Check each line of the listing, and copy it if it contains the word "floors".

------ DATA SUPPLIED

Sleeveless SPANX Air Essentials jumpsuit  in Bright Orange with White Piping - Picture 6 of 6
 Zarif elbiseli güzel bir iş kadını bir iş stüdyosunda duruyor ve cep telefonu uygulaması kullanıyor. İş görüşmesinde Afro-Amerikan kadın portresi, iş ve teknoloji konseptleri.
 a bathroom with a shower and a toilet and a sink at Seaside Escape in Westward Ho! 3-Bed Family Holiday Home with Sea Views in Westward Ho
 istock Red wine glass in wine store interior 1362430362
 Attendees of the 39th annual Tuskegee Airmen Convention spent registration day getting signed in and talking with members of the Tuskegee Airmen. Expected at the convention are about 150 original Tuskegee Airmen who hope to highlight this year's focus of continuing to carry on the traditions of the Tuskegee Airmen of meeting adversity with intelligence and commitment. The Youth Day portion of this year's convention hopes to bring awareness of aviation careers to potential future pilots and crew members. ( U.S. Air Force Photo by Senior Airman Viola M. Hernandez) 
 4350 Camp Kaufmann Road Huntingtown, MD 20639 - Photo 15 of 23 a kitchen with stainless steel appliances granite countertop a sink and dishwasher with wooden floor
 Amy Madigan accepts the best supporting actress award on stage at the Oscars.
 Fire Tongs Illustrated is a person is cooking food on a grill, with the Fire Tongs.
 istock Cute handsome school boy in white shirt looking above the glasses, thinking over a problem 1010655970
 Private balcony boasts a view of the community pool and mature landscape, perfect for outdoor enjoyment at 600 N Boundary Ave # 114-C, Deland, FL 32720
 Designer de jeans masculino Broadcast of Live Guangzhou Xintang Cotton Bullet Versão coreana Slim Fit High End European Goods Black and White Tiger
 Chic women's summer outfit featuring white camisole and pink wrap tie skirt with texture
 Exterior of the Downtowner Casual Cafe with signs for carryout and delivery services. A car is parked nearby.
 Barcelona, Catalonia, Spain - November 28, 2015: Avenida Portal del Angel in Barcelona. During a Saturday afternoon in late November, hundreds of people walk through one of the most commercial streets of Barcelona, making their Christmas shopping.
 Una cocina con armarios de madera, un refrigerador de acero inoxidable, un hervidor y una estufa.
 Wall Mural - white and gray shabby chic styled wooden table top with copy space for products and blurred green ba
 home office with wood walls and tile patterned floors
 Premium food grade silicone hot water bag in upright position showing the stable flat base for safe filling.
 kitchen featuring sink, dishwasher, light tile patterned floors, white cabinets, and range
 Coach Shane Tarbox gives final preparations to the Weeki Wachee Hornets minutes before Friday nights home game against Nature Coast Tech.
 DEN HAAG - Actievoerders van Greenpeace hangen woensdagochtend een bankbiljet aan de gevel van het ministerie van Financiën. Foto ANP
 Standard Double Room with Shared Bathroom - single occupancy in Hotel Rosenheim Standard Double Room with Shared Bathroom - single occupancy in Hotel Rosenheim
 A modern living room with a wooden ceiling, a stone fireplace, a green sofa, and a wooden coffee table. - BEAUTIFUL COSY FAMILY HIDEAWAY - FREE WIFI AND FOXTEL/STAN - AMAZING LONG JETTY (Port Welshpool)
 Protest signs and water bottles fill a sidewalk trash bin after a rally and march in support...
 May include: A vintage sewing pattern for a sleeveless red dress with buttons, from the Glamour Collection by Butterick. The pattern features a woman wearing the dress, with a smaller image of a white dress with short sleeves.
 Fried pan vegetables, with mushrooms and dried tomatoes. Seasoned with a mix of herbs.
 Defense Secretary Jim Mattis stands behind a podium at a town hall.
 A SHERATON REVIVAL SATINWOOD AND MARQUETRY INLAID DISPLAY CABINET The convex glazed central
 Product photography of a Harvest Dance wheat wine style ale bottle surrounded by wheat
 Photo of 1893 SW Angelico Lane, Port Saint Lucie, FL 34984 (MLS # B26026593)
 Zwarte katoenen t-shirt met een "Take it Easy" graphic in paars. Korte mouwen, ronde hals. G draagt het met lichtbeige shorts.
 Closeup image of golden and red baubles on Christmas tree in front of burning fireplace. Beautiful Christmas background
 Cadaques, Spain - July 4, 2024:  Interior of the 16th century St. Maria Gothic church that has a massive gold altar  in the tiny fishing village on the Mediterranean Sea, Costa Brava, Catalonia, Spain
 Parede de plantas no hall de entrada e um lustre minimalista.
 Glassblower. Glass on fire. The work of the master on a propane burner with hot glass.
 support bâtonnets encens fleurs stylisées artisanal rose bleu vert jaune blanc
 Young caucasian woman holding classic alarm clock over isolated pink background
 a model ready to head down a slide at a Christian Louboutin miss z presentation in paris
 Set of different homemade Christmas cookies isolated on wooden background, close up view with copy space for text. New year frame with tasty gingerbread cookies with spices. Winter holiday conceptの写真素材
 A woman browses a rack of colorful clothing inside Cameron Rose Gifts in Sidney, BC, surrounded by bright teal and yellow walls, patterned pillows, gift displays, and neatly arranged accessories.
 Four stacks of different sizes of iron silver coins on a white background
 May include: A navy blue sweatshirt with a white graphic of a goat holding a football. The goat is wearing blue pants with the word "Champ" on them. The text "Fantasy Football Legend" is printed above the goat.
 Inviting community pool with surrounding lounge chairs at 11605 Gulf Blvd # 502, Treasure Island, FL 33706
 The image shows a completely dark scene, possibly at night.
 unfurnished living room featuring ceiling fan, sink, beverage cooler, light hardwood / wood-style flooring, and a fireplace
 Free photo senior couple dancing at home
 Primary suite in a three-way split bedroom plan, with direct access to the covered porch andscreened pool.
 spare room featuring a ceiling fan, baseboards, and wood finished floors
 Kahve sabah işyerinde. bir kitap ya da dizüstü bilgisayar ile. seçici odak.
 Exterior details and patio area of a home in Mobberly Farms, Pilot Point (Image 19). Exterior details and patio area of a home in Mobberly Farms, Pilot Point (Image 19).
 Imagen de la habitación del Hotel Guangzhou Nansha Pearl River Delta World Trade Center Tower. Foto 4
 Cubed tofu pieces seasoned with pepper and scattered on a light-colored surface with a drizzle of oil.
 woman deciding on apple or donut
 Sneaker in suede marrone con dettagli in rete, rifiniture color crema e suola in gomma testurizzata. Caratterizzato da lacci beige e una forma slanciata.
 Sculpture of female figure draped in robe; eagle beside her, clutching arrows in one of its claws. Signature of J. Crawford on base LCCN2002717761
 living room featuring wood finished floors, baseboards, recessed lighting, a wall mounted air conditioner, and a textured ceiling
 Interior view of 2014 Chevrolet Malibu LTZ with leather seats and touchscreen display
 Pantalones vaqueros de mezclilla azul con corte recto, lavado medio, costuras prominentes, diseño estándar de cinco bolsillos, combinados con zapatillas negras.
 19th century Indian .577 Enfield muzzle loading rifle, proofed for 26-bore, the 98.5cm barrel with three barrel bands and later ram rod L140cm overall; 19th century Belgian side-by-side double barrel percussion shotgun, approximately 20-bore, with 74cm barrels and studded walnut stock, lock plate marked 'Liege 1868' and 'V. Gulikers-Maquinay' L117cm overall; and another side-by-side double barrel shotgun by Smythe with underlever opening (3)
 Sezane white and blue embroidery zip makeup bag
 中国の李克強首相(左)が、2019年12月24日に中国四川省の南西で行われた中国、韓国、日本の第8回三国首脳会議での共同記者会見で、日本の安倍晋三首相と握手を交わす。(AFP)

------------

# RESPONSE AREA
 home office with wood walls and tile patterned floors
 kitchen featuring sink, dishwasher, light tile patterned floors, white cabinets, and range
 spare room featuring a ceiling fan, baseboards, and wood finished floors
 living room featuring wood finished floors, baseboards, recessed lighting, a wall mounted air conditioner, and a textured ceiling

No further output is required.